Jenna Heller

Tornado

Behind the bar, she washes mugs while outside the sky churns.

Clouds tumble and wrestle and a long woolly spindle rolls like a wave then turns on point, reaches down and plucks the roof right off a grocery store. Two smaller spindles embrace like lovers clasped together for one urgent night, sucking and pulling at hundred-year-old trees, ripping at glass and paper. All of it takes flight, circling, spinning, a murmuring of debris, swirling in freeform. Then large stones of ice empty from the heavens. The sky a chaotic blur.

People spill off the streets, slip through the doors, seek refuge and hope in the comfort of strangers and walls of timber. Children whimper while their parents stand in fearful silence. Some drink like they’d never drink again – shot after shot followed by beer after beer. To keep warm, they say. Settle the nerves, they add.

And then it all stops. The clouds relax and thin and sun pours from a hole in the sky. The children return to smiles before everyone leaves just as quickly as they arrived, rushing back through the doors like a dam tripped opened.

She stays behind, invents a drink, a swirling tonic to calm the nerves. Calls it a tornado, but no one wants that. Not now. Not today.

Jenna Heller completed the Hagley Writers’ Institute in 2010. Her writing can be found in Takahē, Popshot, *82 Review, and Headland. She is currently completing a final edit on a novel that got its start during her time at Hagley.

Bernadette Hall

A Letter to Hone Tuwhare

Dear John Upstanding-house,

I’ve just walked into the catch on an open window. After days of rain and floods, the paddocks out here at the beach have turned into lakes, black swans swimming on them, and paradise ducks and shags and gulls and a single lovely grey heron. This small world of ours is unrecognizable, all watery, riverine, shimmery mirrors.

Sorry if the words womble on a bit. My face is cut and sore and my brain is addled but probably no more so than usual.
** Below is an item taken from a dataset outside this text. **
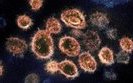 Американські вчені виявили антитіло, яке здатне нейтралізувати COVID-19, - дослідження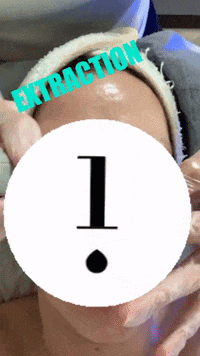 aesthetica_cosmetic_clinic hydrafacial extraction aesthetica edinburgh aesthetica cosmetic clinic GIF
I just wanted to say how much I enjoyed that visit I had with you all those years ago when I drove down to Kaka Point in the old white Merc with Nicki and Peter and his beautiful black dog, Huia. The way you sneaked food to her under the table. Nicki and I didn’t let on but after a while Peter realised that something was up and he got a bit cross. You explained with some ceremony that you had links with Ngāti Kurī, so that should make everything OK and you couldn’t stop laughing. You were just about to make a trip to Africa and you were very excited about that. All of us should have a seeing-eye dog, don’t you reckon. That way we wouldn’t walk into window catches and any other unexpected obstructions.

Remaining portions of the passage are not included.